The second would be comedians directly involved in that trauma: Seth MacFarlane (“Ted”) and Pete Davidson (“The King of Staten Island”) are noted as comedians that can make light of 9/11 with relative impunity, considering the former barely missed boarding the American Airlines Flight 11 and the latter’s father, Scott Davidson, died firefighting on Sept. 11, 2001. Twenty-two years after SNL’s 9/11 Cold Open, Pete Davidson delivered a speech in Oct. 15, 2023’s Cold Open. Following the Oct. 7, 2024 Hamas attacks and the subsequent bombing of Palestine, Davidson defended his ethos for speaking on it: “When I was seven years old, my dad was killed in a terrorist attack. So, I know something about what that’s like.” He recalls that after the death of his father, one of the first things that had made him smile again was an Eddie Murphy (“Shrek”) tape, concluding, “I don’t understand it. I really don’t, and I never will. But sometimes, comedy is really the only way forward through tragedy.” The world came to a complete halt on 9/11, threatening to tip off its axis. Why was comedy not in question when a similar attack happened in the Middle East — and continued through all the death that would follow?

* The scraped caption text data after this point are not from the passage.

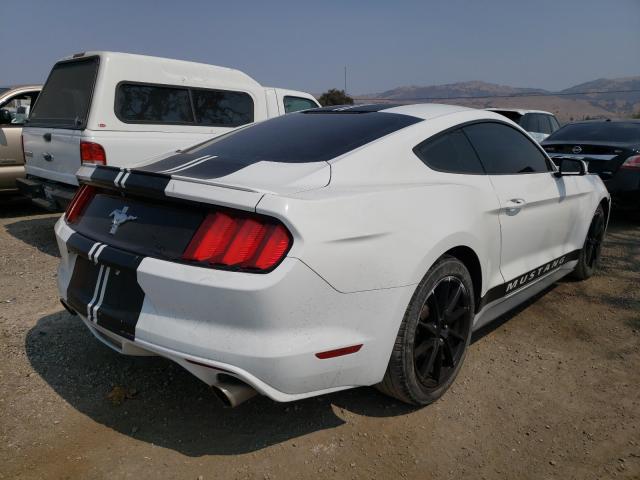 Biały Ford Mustang z czarnymi pasami, tył-lewy rzut, czarne felgi.
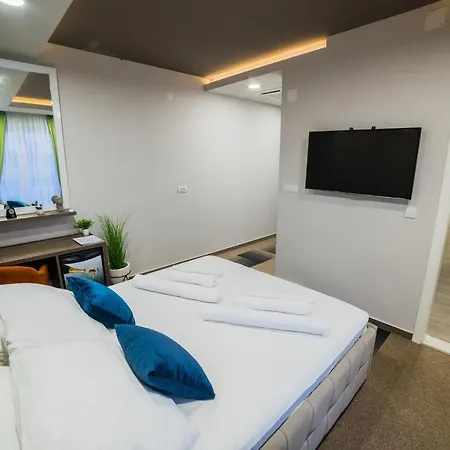 Hotel River 4*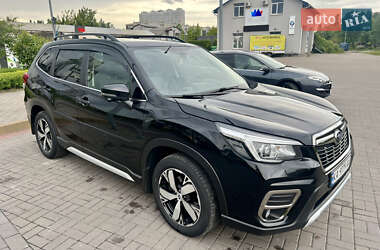 Внедорожник / Кроссовер Subaru Forester 2018 в Киеве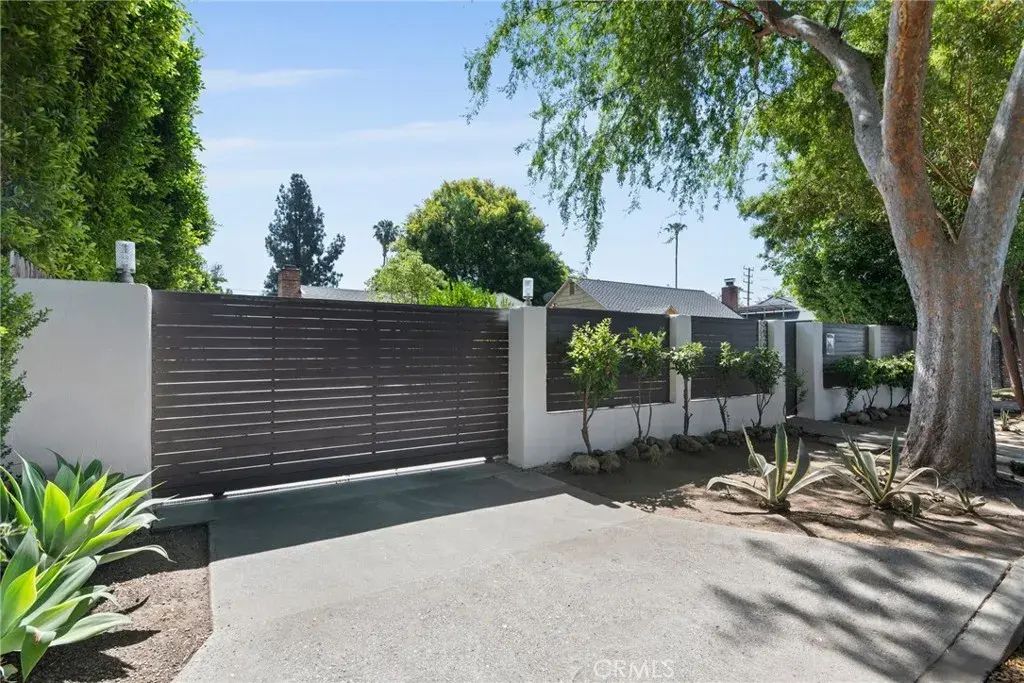 5626 Buffalo Avenue, Valley Glen
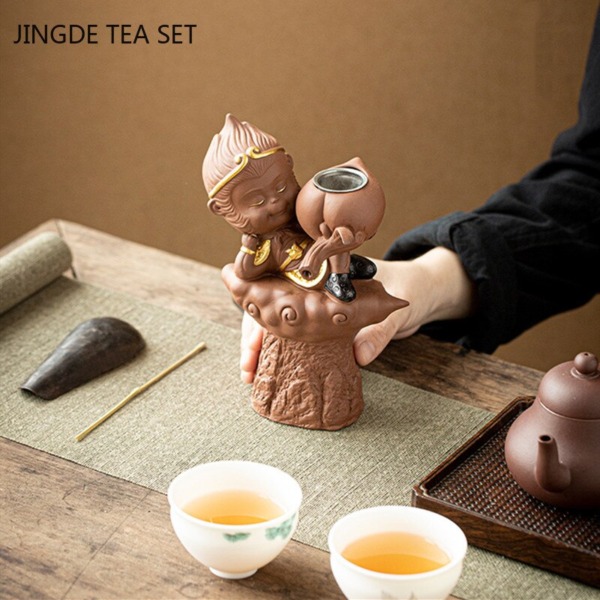 Handmade Creative Purple Clay Tea Pet Sun Wukong Statue Tea Figurine Ornament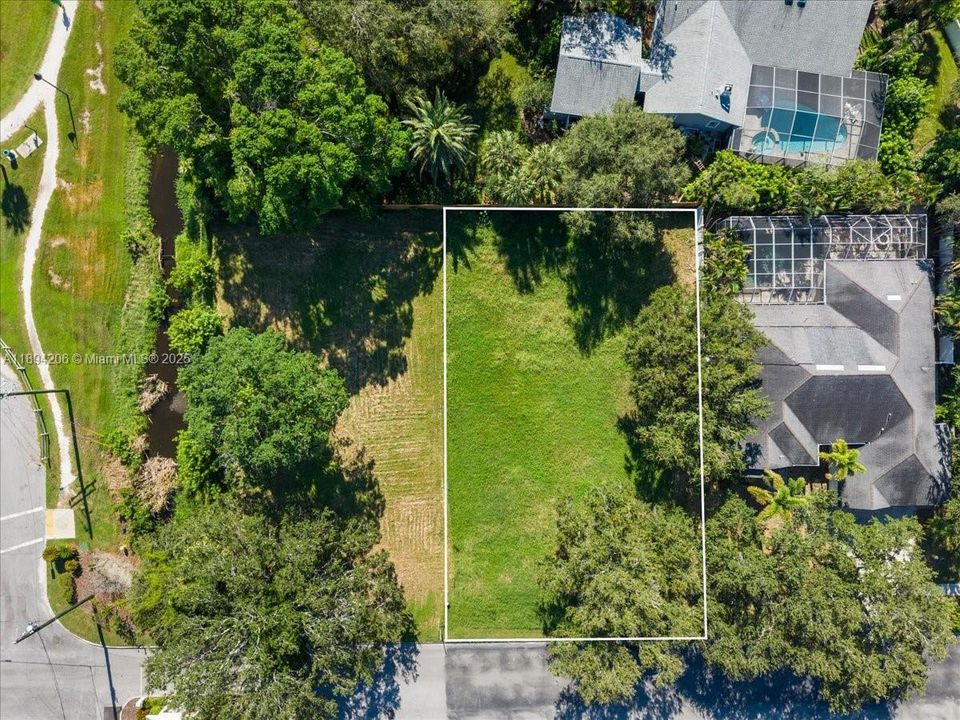 For Sale: $480,000 (0.22 acres)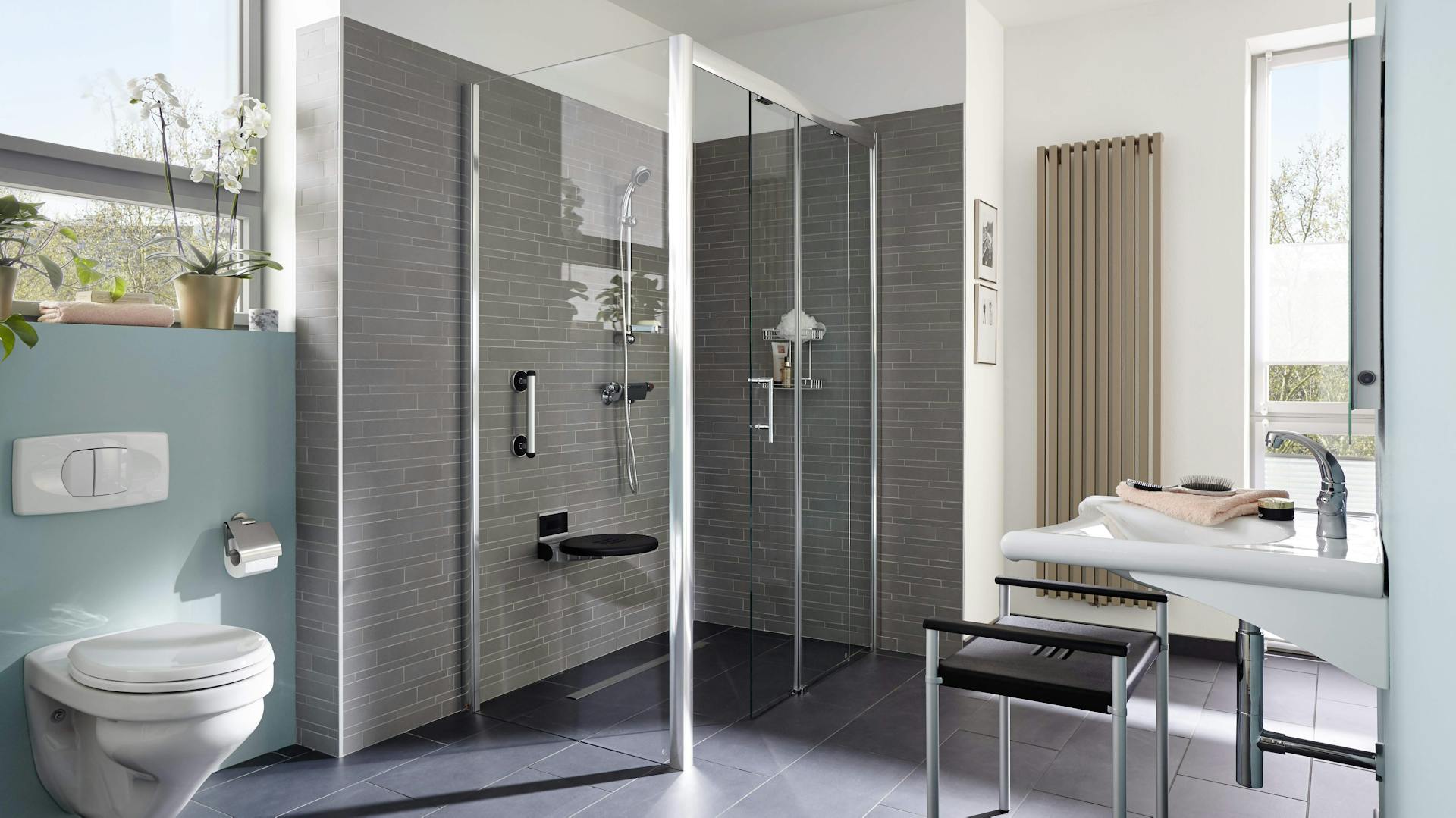 Ein vorausschauend geplantes Badezimmer mit barrierefreier Struktur und langlebigen Möbeln.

Following 9/11, more than 600 hate crimes were committed against U.S. citizens because they were perceived as Arab or Muslim, whether or not they actually were. My own father — a Hindu man who had emigrated from India just years before — was almost one of them, escaping the situation as fast as he could to be with my mother, who was pregnant with me at the time. When I entered high school, I began growing a beard and with it, a tolerance for constant insinuations that I could be a terrorist, a baseless accusation that is hurled at countless brown protestors today. At least three post-9/11 murders were confirmed as hate crimes, with several others suspected. George W. Bush’s (“The Daily Show”) administration would use the national fervor to launch war in Iraq, a country with no relation to Al Qaeda but nonetheless a foothold for America in the Middle East. This would be repeated in Afghanistan, in Syria, in Yemen, in Libya and in every country where America could find an opportunity to wage war. A “conservative estimate” from a 2023 Brown University report places the total death toll between 4.5 and 4.7 million. When discussing the Ukraine invasion in 2022, Bush would drop a Freudian slip condemning the “wholly unjustified and brutal invasion of Iraq … I mean, of Ukraine.” He shrugs and adds, “Iraq too … anyway.” The audience laughs. A former president of the United States openly voices a confession that would deem him a war criminal by any sensible tribunal, and the audience laughs. 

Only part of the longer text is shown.